▸ **The task**:
Retype the data that follows exactly. No pictures belong in the copy.

▸ **Input data**:
******************************
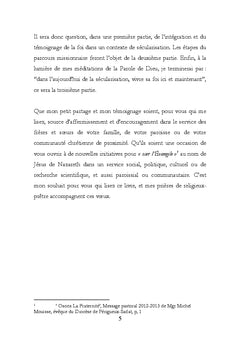 Missionnaire africain en France
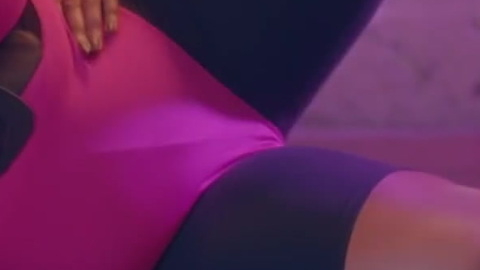 Hottest Herself Scenes. Sexy, SFW, aerobics. 880977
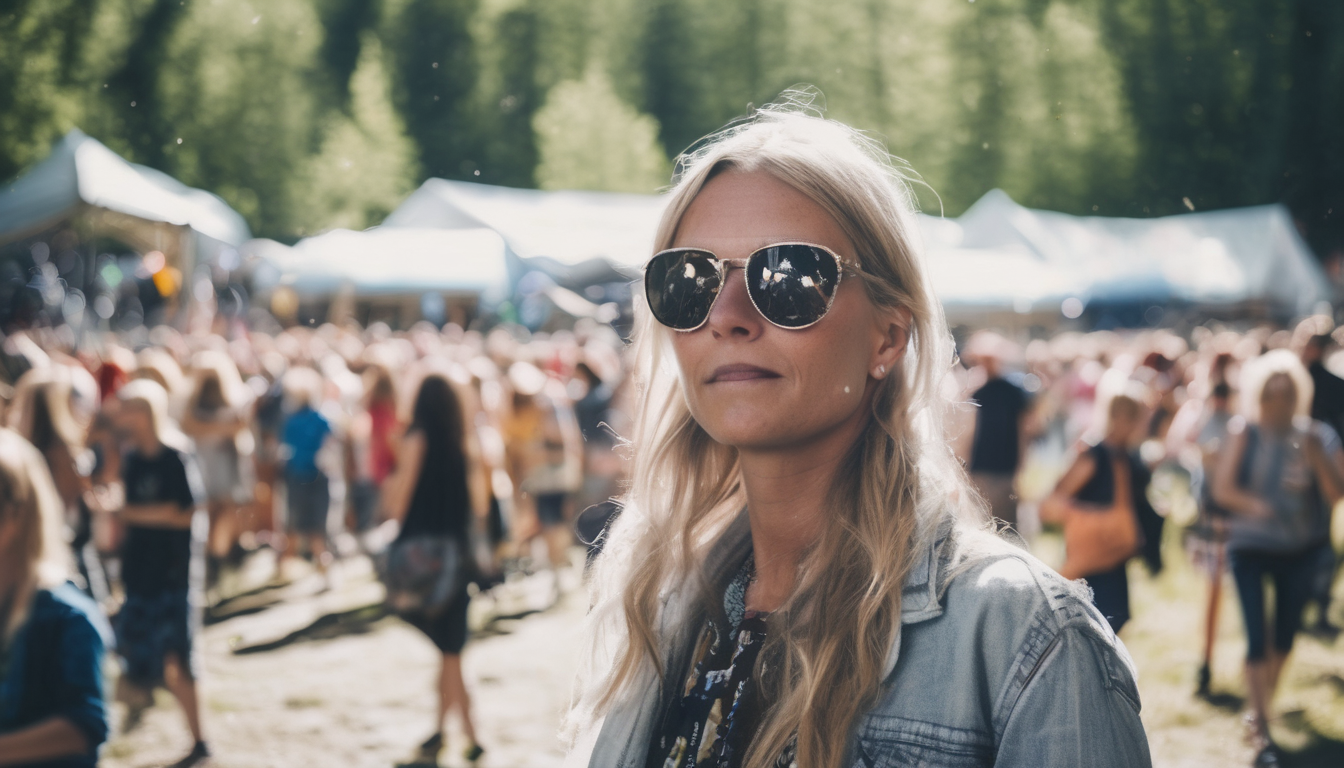 Näin osallistut suomalaisiin festivaaleihin tuntien olosi varmaksi 3 Miksi ennakkosuunnittelu tekee festivaalikokemuksesta sujuvamman ja miellyttävämmän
******************************
▸ **Answer**:
 Missionnaire africain en France
 Hottest Herself Scenes. Sexy, SFW, aerobics. 880977
 Näin osallistut suomalaisiin festivaaleihin tuntien olosi varmaksi 3 Miksi ennakkosuunnittelu tekee festivaalikokemuksesta sujuvamman ja miellyttävämmän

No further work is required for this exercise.